The Replication Crisis as Market Failure
School of Economics, The University of Queensland, St Lucia QLD 4072, Australia
Econometrics 2019, 7(4), 44; https://doi.org/10.3390/econometrics7040044
Received: 30 September 2019 / Revised: 13 November 2019 / Accepted: 18 November 2019 / Published: 24 November 2019
(This article belongs to the Special Issue Towards a New Paradigm for Statistical Evidence)
This paper begins with the observation that the constrained maximisation central to model estimation and hypothesis testing may be interpreted as a kind of profit maximisation. The output of estimation is a model that maximises some measure of model fit, subject to costs that may be interpreted as the shadow price of constraints imposed on the model. The replication crisis may be regarded as a market failure in which the price of “significant” results is lower than would be socially optimal.
Concerns about the inadequacy of standard practices in statistics and econometrics have been long-standing. Since the 1980s, criticisms of econometric practice, including those of Leamer (1983); Lovell (1983); McCloskey (1985) have given rise to a large literature. Kim and Ji (2015) provide a survey. Even more significant, within the economics profession was the Lucas (1976) critique of Keynesian economic modelling Lucas and Sargent (1981).
Most of the concerns raised in these critiques apply with equal force to other social science disciplines and to fields such as public health and medical science. Ioannidis (2005) offered a particularly trenchant critique, concluding that “most published research findings are false”.
The emergence of the “replication crisis”, first in psychology and then in other disciplines, has attracted the broader public to some of these concerns. The applicability of the term “crisis” is largely due to the fact that, unlike previous debates of this kind, concern over replication failures has spilled over disciplinary boundaries and into the awareness of the educated public at large.
The simplest form of the replication crisis arises from the publication of a study suggesting the existence of a causal relationship between an outcome of interest y and a previously unconsidered explanatory variable x followed by studies with a similar design that fail to find such a relationship.
Most commonly, this process takes place in the context of classical inference. In this framework, the crucial step is the rejection of a null hypothesis of no effect, with some specified level of significance, typically 95 per cent or 90 per cent. In the most commonly used definition, a replication failure arises when a subsequent study testing the same hypothesis with similar methods but with a different population fails to reject the null.1
For example, Kosfeld et al. (2005) found that exposure to oxytocin increases trust in humans. This finding created substantial interest in possible uses of oxytocin to change mood, potentially for malign as well as benign purposes. Similar results were published by Mikolajczak et al. (2010). However, a subsequent attempt at replication by the same research team, Lane et al. (2015), was unsuccessful.

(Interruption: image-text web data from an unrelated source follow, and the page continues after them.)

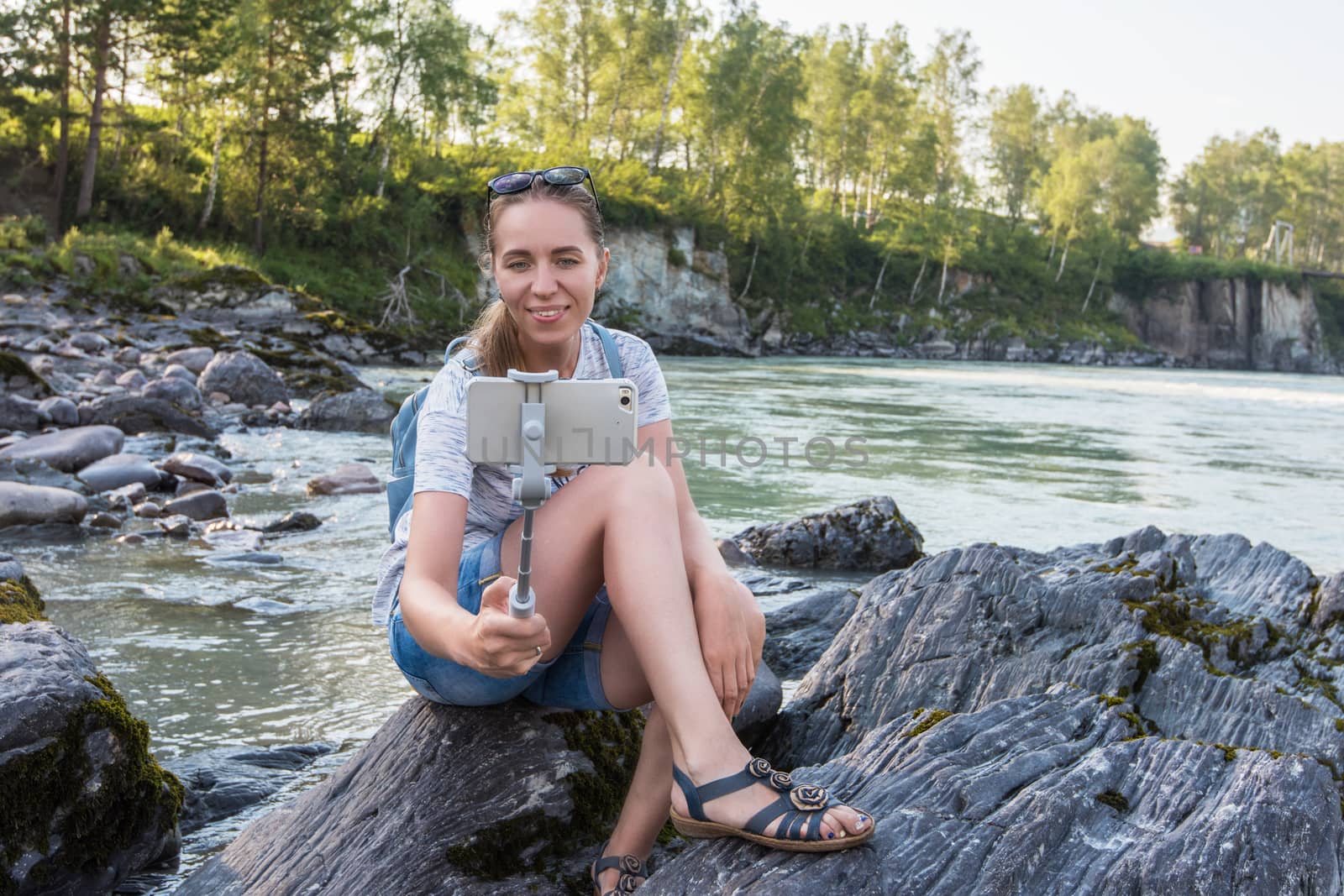 Woman taking selfie on mobile phone with stick on mountain river background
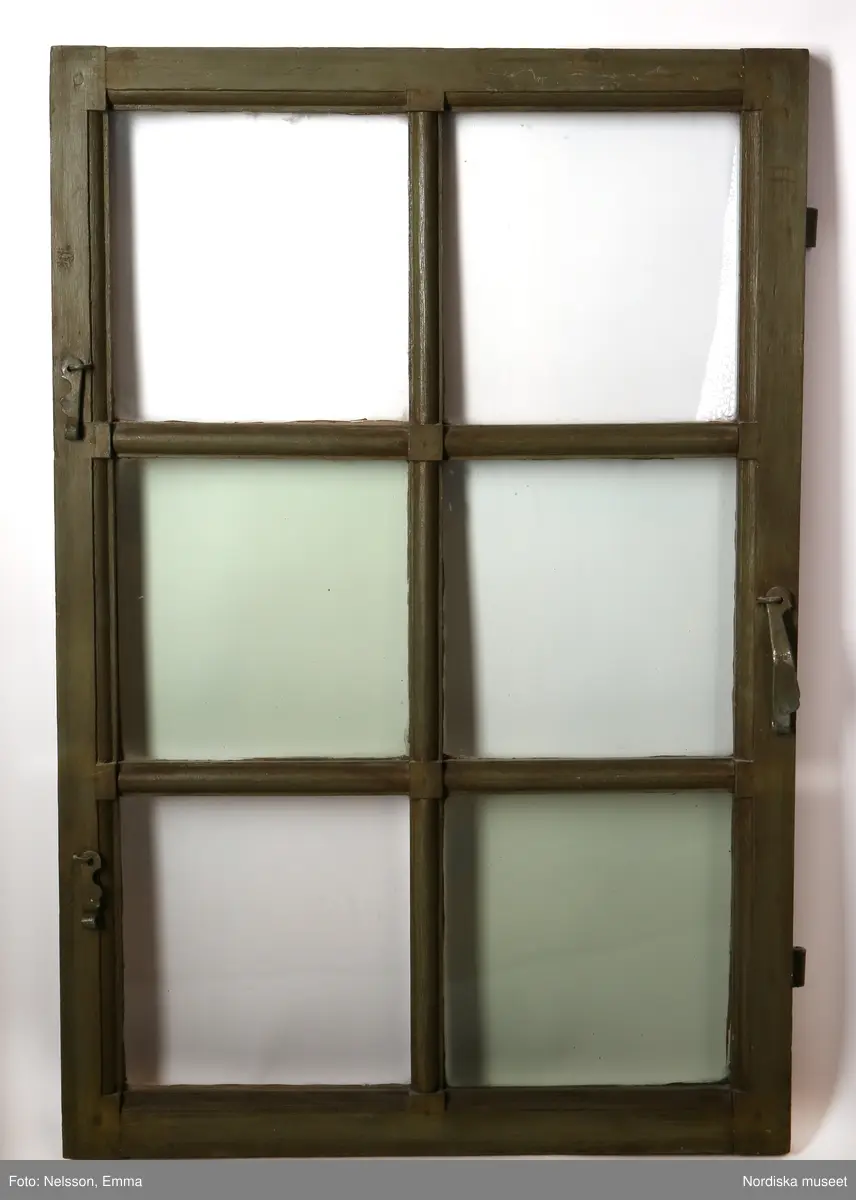 a-d) Fönster med e) karm, fyra fönsterbågar med vardera sex glasrutor, omkring 1740. Utvändigt målat brunt, invändigt grågrön oljefärg. 

Utåtgående fönsterbåge. Träspröjsar med en på insidan rundad vulst som möts i kvadratiskt spröjskryss. Bågens yttersida förstärkt med hörnjärn av 1700-talstyp. Fönsterkarm av furu med symmetrisk korspost. Fönsterbleck av målad plåt, fäst i karmens nederkant. Med fönsterbräda. Beslag för hängning av fönsterluckor. Gångjärn, uppställnings- och stängningsbeslag.  

Anm: Partiellt färgbortfall och skador. Ett av tre fönster(NM.0334543-NM.0334545), placerat på rummets långsida, mot gatan.
/Anna Arfvidsson Womack 2021-07-14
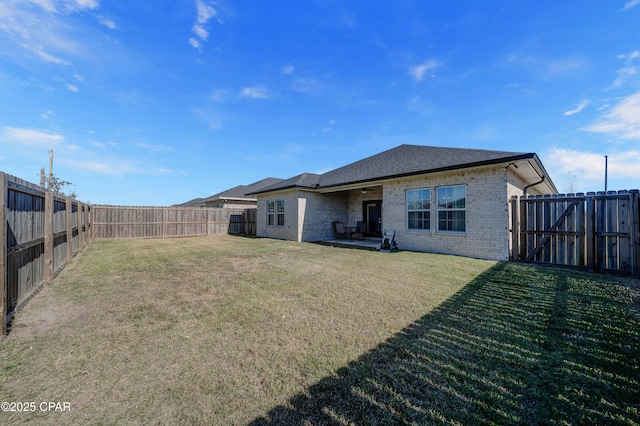 rear view of house featuring a yard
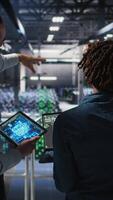 Vertical Server farm manager overseeing workers doing infrastructure AI machine learning automatization. Data center team leader supervising employees using artificial intelligence, camera A video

The crisis was brought to the wider public’s attention by the publication by Open Science Collaboration (2015) of a systematic attempt to replicate 100 experimental results published in in three psychology journals. Replication effects were half the magnitude of original effects, representing a substantial decline. Whereas ninety-seven percent of original studies had statistically significant results, only thirty-six percent of replications did.
A variety of responses have been offered in response to the replication crisis. These include tightening the default P-value threshold to 0.005 (Benjamin et al. 2018), procedural improvements such as the maintenance of data sets and the preregistration of hypotheses ((Nosek and Lakens 2014), attempts to improve statistical practice within the classical framework, for example, through bootstrapping (Lubke and Campbell 2016)), and the suggestion that Bayesian approaches might be less vulnerable to these problems (Gelman 2015).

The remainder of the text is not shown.